--- AVAILABLE DATA ---

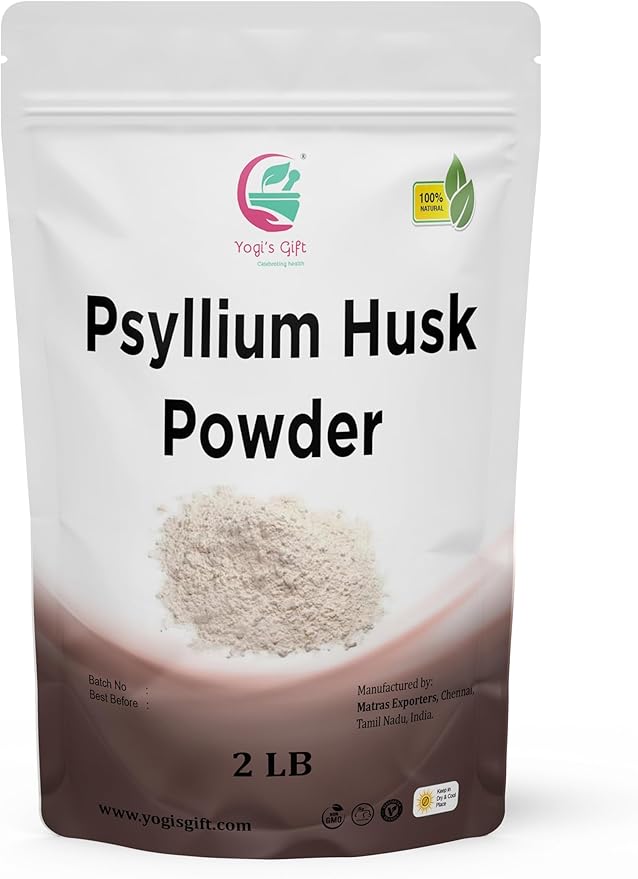 Psyllium Husk Powder 2 lb | 98% Purity | Premium Quality | Use for Baking, Cooking and Beverages | 100% Natural Fine Ground, Non GMO by Yogi's Giftยฎ
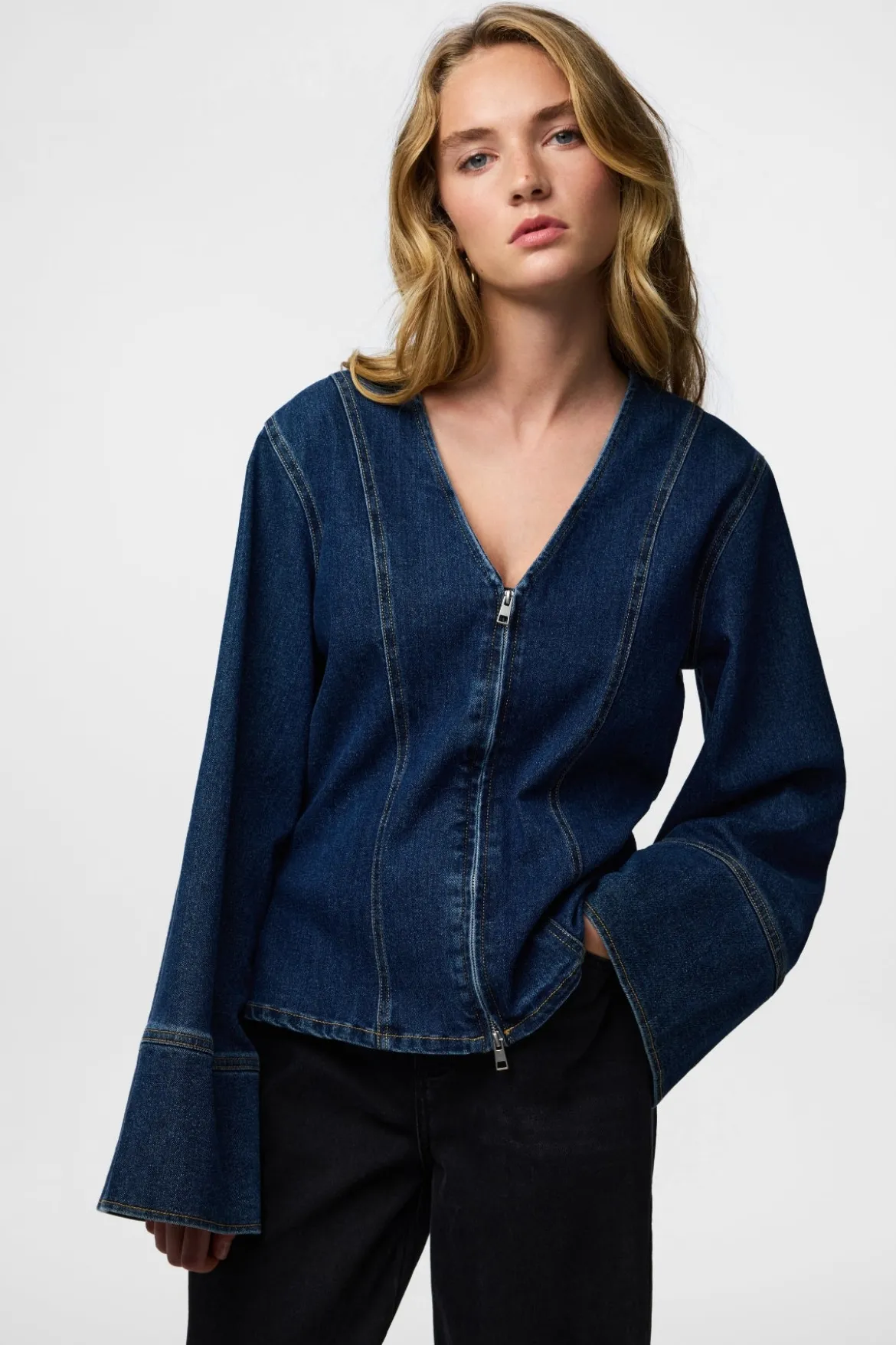 Flora Denim Skjorte - Dark Blue Denim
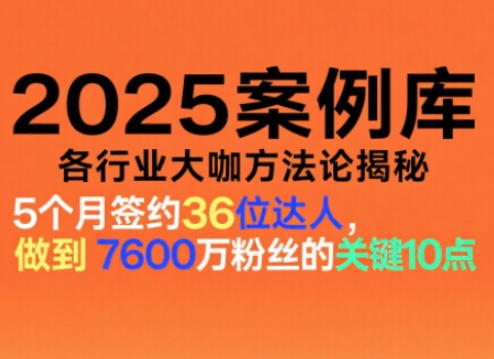 2025案例库，收录各行业大咖的方法论，各行业大咖方法论揭秘-庄子聊项目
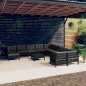 vidaXL Muebles de jardín 12 pzas y cojines negro madera de pino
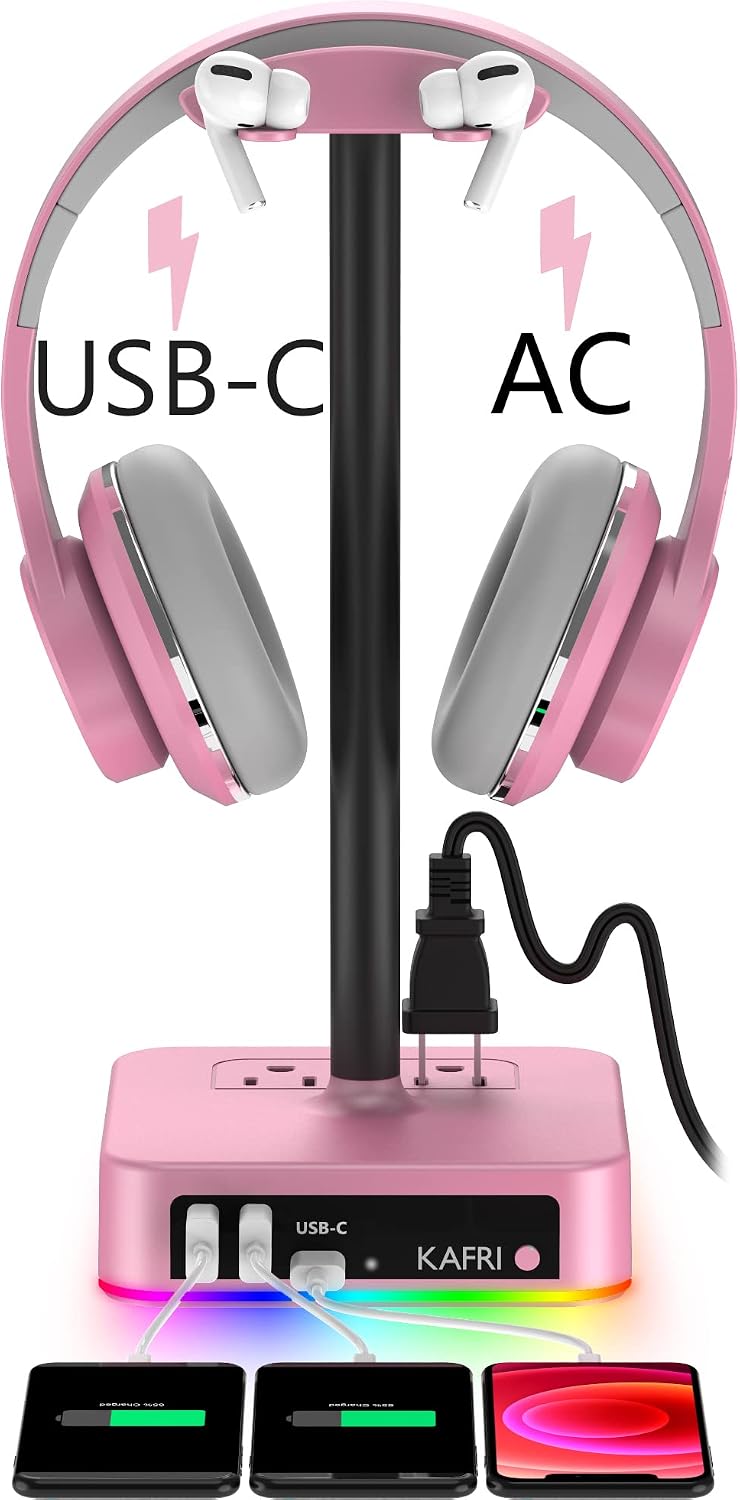 KAFRI RGB Headphone Stand with USB Charger Desk Gaming Headset Holder Hanger Rack with 3 USB Charging Port and 2 Outlet - Suitable for Gamer Desktop Table Game Earphone Accessories Girlfriend Gift by KAFRI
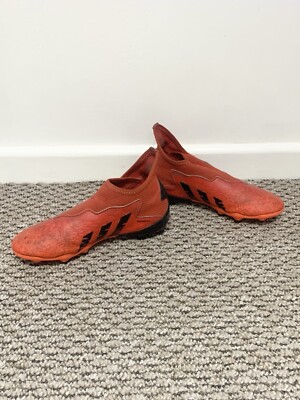 Adidas Predator Freak .3 Laceless FG rot schwarz geformte Stollen Fußballschuhe UK 2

---

> [REQUIRED WORK]: The records must appear again word for word, though none of their pictures should.

> [RESPONSE TO THE EXERCISE]:
 Psyllium Husk Powder 2 lb | 98% Purity | Premium Quality | Use for Baking, Cooking and Beverages | 100% Natural Fine Ground, Non GMO by Yogi's Giftยฎ
 Flora Denim Skjorte - Dark Blue Denim
 2025案例库，收录各行业大咖的方法论，各行业大咖方法论揭秘-庄子聊项目
 vidaXL Muebles de jardín 12 pzas y cojines negro madera de pino
 KAFRI RGB Headphone Stand with USB Charger Desk Gaming Headset Holder Hanger Rack with 3 USB Charging Port and 2 Outlet - Suitable for Gamer Desktop Table Game Earphone Accessories Girlfriend Gift by KAFRI
 Adidas Predator Freak .3 Laceless FG rot schwarz geformte Stollen Fußballschuhe UK 2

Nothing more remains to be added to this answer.